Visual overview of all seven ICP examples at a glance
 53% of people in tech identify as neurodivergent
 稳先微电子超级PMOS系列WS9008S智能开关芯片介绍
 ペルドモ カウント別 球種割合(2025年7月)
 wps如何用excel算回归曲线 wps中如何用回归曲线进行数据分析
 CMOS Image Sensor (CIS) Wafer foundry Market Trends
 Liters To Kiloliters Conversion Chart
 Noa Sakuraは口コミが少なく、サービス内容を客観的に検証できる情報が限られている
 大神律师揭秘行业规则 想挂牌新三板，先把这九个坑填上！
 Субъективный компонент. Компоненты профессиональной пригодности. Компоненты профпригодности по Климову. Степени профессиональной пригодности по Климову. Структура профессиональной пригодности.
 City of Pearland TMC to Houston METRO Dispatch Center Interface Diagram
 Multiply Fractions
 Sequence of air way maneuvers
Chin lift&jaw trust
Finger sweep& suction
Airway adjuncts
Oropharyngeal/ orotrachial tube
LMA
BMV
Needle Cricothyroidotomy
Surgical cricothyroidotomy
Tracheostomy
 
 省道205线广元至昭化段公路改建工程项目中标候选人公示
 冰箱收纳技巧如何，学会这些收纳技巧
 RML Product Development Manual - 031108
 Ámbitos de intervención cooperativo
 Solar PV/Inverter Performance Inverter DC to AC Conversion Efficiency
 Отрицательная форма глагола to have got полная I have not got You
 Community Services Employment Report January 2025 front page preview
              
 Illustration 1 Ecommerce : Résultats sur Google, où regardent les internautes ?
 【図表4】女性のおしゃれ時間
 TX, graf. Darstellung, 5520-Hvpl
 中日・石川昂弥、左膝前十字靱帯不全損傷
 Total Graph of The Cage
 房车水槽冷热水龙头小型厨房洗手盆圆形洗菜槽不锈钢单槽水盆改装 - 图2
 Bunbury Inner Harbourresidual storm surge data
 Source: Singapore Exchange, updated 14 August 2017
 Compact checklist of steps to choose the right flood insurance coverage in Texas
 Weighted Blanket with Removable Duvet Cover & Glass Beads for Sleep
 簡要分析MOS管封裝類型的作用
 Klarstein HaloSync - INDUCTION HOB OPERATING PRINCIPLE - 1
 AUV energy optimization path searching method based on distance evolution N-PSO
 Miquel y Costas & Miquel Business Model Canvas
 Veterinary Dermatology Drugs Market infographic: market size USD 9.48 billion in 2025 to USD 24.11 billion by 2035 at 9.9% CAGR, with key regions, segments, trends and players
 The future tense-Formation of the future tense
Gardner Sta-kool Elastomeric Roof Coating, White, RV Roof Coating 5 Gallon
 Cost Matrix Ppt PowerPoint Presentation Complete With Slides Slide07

TASK ITEM: Reproduce the listing above exactly, in its entirety.

RESPONSE TO THE TASK:
Visual overview of all seven ICP examples at a glance
 53% of people in tech identify as neurodivergent
 稳先微电子超级PMOS系列WS9008S智能开关芯片介绍
 ペルドモ カウント別 球種割合(2025年7月)
 wps如何用excel算回归曲线 wps中如何用回归曲线进行数据分析
 CMOS Image Sensor (CIS) Wafer foundry Market Trends
 Liters To Kiloliters Conversion Chart
 Noa Sakuraは口コミが少なく、サービス内容を客観的に検証できる情報が限られている
 大神律师揭秘行业规则 想挂牌新三板，先把这九个坑填上！
 Субъективный компонент. Компоненты профессиональной пригодности. Компоненты профпригодности по Климову. Степени профессиональной пригодности по Климову. Структура профессиональной пригодности.
 City of Pearland TMC to Houston METRO Dispatch Center Interface Diagram
 Multiply Fractions
 Sequence of air way maneuvers
Chin lift&jaw trust
Finger sweep& suction
Airway adjuncts
Oropharyngeal/ orotrachial tube
LMA
BMV
Needle Cricothyroidotomy
Surgical cricothyroidotomy
Tracheostomy
 
 省道205线广元至昭化段公路改建工程项目中标候选人公示
 冰箱收纳技巧如何，学会这些收纳技巧
 RML Product Development Manual - 031108
 Ámbitos de intervención cooperativo
 Solar PV/Inverter Performance Inverter DC to AC Conversion Efficiency
 Отрицательная форма глагола to have got полная I have not got You
 Community Services Employment Report January 2025 front page preview
              
 Illustration 1 Ecommerce : Résultats sur Google, où regardent les internautes ?
 【図表4】女性のおしゃれ時間
 TX, graf. Darstellung, 5520-Hvpl
 中日・石川昂弥、左膝前十字靱帯不全損傷
 Total Graph of The Cage
 房车水槽冷热水龙头小型厨房洗手盆圆形洗菜槽不锈钢单槽水盆改装 - 图2
 Bunbury Inner Harbourresidual storm surge data
 Source: Singapore Exchange, updated 14 August 2017
 Compact checklist of steps to choose the right flood insurance coverage in Texas
 Weighted Blanket with Removable Duvet Cover & Glass Beads for Sleep
 簡要分析MOS管封裝類型的作用
 Klarstein HaloSync - INDUCTION HOB OPERATING PRINCIPLE - 1
 AUV energy optimization path searching method based on distance evolution N-PSO
 Miquel y Costas & Miquel Business Model Canvas
 Veterinary Dermatology Drugs Market infographic: market size USD 9.48 billion in 2025 to USD 24.11 billion by 2035 at 9.9% CAGR, with key regions, segments, trends and players
 The future tense-Formation of the future tense
Gardner Sta-kool Elastomeric Roof Coating, White, RV Roof Coating 5 Gallon
 Cost Matrix Ppt PowerPoint Presentation Complete With Slides Slide07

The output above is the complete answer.